#### [WHAT THE TASK REQUIRES]
Set down each line exactly, beginning with the one that contains "An image of" and continuing through the last line of the listing, and nothing else.

[Start of Attachment]

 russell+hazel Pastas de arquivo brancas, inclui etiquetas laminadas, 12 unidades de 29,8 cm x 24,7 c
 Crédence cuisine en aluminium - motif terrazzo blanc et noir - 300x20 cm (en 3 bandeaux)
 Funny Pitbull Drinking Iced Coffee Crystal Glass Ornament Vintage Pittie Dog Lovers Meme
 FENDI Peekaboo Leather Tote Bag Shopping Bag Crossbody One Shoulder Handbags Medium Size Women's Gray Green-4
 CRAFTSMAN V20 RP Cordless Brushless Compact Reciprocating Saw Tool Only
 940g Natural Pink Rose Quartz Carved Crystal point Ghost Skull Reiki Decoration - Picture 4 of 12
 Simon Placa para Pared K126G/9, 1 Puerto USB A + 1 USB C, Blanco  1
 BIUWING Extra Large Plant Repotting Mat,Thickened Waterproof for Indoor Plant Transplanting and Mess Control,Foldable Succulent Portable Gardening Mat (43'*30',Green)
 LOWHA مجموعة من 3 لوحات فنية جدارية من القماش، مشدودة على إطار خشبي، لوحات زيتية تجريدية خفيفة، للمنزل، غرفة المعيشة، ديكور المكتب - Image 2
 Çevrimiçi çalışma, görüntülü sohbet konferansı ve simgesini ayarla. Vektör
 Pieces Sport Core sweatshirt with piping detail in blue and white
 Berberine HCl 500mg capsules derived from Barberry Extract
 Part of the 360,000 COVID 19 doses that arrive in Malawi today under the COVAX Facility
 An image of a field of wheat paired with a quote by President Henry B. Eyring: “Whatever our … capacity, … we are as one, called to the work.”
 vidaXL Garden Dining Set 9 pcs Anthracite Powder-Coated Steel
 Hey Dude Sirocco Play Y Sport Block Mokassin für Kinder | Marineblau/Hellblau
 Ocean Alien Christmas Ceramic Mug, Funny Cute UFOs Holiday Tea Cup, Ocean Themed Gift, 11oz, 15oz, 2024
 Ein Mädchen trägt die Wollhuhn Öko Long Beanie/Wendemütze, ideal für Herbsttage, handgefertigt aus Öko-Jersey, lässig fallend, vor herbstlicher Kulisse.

[End of Attachment]

#### [EXPECTED ANSWER]
 An image of a field of wheat paired with a quote by President Henry B. Eyring: “Whatever our … capacity, … we are as one, called to the work.”
 vidaXL Garden Dining Set 9 pcs Anthracite Powder-Coated Steel
 Hey Dude Sirocco Play Y Sport Block Mokassin für Kinder | Marineblau/Hellblau
 Ocean Alien Christmas Ceramic Mug, Funny Cute UFOs Holiday Tea Cup, Ocean Themed Gift, 11oz, 15oz, 2024
 Ein Mädchen trägt die Wollhuhn Öko Long Beanie/Wendemütze, ideal für Herbsttage, handgefertigt aus Öko-Jersey, lässig fallend, vor herbstlicher Kulisse.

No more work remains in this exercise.